Le ragioni del ritardo, scrivono i quotidiani, sono le solite: complessità della materia e divisioni politiche su come affrontarla. Che qualcosa non stesse andando per il verso giusto lo si poteva capire già dalla riunione del Consiglio dei ministri del 20 marzo: convocata alle 14, venne sospesa poco dopo per dare il tempo ai tecnici di consultarsi sui punti più controversi, fu poi riconvocata di nuovo poco prima delle 19 e quindi proseguì fino alle 21 quando venne pubblicato un comunicato vago e generico che lasciava intuire come nel governo non ci fosse accordo su niente o quasi.

L’argomento del decreto, appalti pubblici ed edilizia, è particolarmente complicato e specialistico, ma la divisione tra i due schieramenti è abbastanza chiara.
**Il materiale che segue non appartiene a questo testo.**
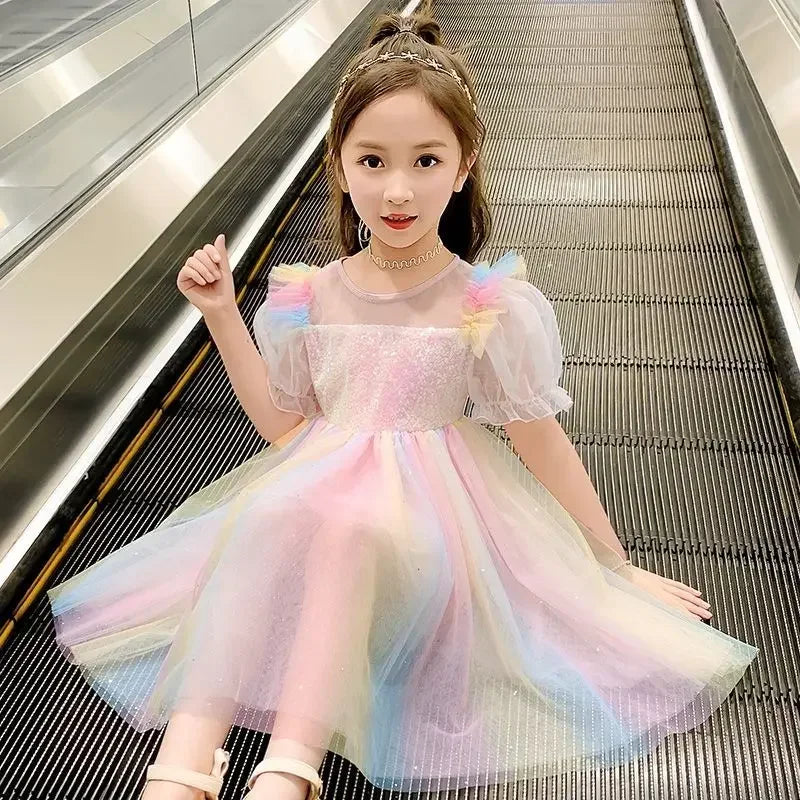 2022 New Girl Summer Dress For 4 6 8 10 12 Years Iridescent Girls Clothing Kids Birthday Party Princess Costume Children Dresses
La Lega, sostenuta da molte associazioni di imprenditori, in nome della “semplificazione”, vuole ridurre il più possibile i controlli e i regolamenti anticorruzione e antimafia, oltre che la burocrazia in generale. Il Movimento, un tempo la forza politica che chiedeva la maggiore severità nella gestione di appalti e regolamenti, condivide il principio in generale, ma non è disposto a far passare tutto ciò che chiede la Lega. Per il Movimento si occupa del decreto il ministro dei Trasporti e Infrastrutture Danilo Toninelli. La Lega invece lo segue tramite il sottosegretario Armando Siri.
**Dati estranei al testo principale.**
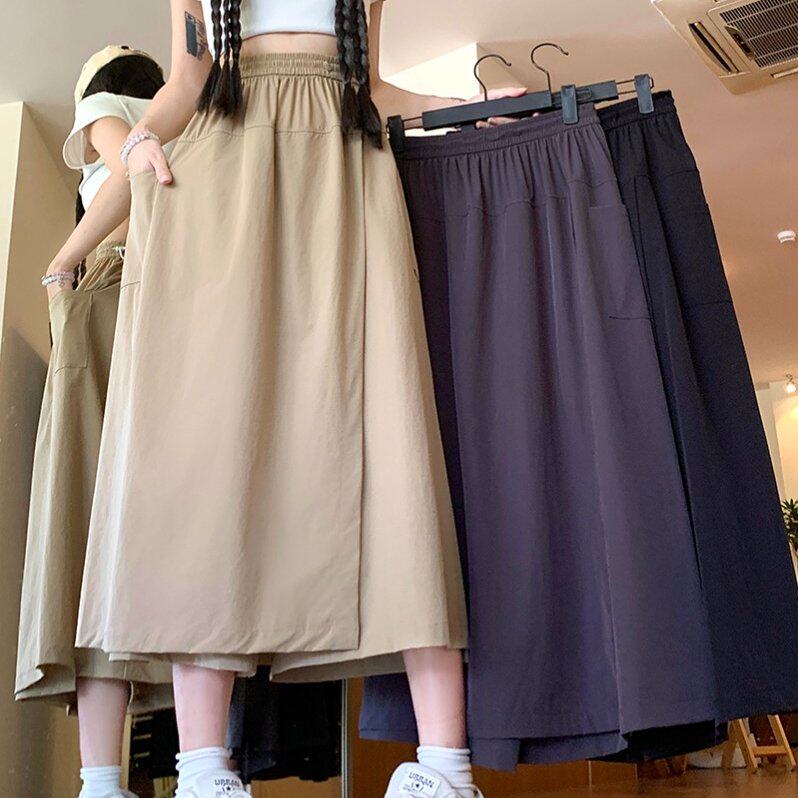 包邮 山本皱 工装裙裤女夏季裤裙小个子裤子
Un caso tipico di questa trattativa è la soglia nel valore di un appalto oltre la quale è necessario fare una gara. Attualmente questa soglia è di 40 mila euro ed è ritenuta troppo bassa da molti imprenditori. Nel corso dell’elaborazione del decreto si è parlato di alzarla fino a un milione di euro, una norma che era stata appropriatamente ribattezzata “ammazza gare”, perché avrebbe cancellato in un momento la maggioranza delle gare d’appalto pubbliche che si fanno in Italia. Nelle ultime bozze di decreto questa soglia sembra che sia stata abbassata a 200 mila euro.

Il decreto toccherà anche la normativa per i subappalti, che sarà allargata (sarà insomma possibile fare più subappalti e più facilmente), dovrebbero inoltre essere molto allargati i poteri dei commissari straordinari governativi, che potranno occuparsi di opere pubbliche agendo in deroga rispetto a gran parte delle leggi sui contratti pubblici; e verrà anche ripristinato il “massimo ribasso”  come norma nella scelta dei vincitori degli appalti (si sceglie chi offre la cifra minore, senza meccanismi per premiare altri aspetti, come avveniva col meccanismo dell’offerta “economicamente più vantaggiosa”).

L’insieme delle modifiche che sembra saranno introdotte dal decreto piace alle associazioni di costruttori che in questi giorni esprimono cauto ottimismo sulla norma (anche loro hanno visto solo le bozze del testo). Sono invece contrari sindacati e altre associazioni. Alberto Vannucci, professore di Scienza politica all’Università di Pisa e membro della presidenza dell’associazione Libera ha ribattezzato la legge “sblocca-tangenti”, mentre il sindacato degli edili della CGIL, la FILLEA, ha scelto il termine “sblocca-porcate”. Il segretario, Alessandro Genovesi, ha spiegato che con il decreto: «Torneremo alla legge della giungla, con tutto ciò che questo vuol dire in termini di lavoro nero, rispetto dei contratti di lavoro, sicurezza, legalità e corruzione».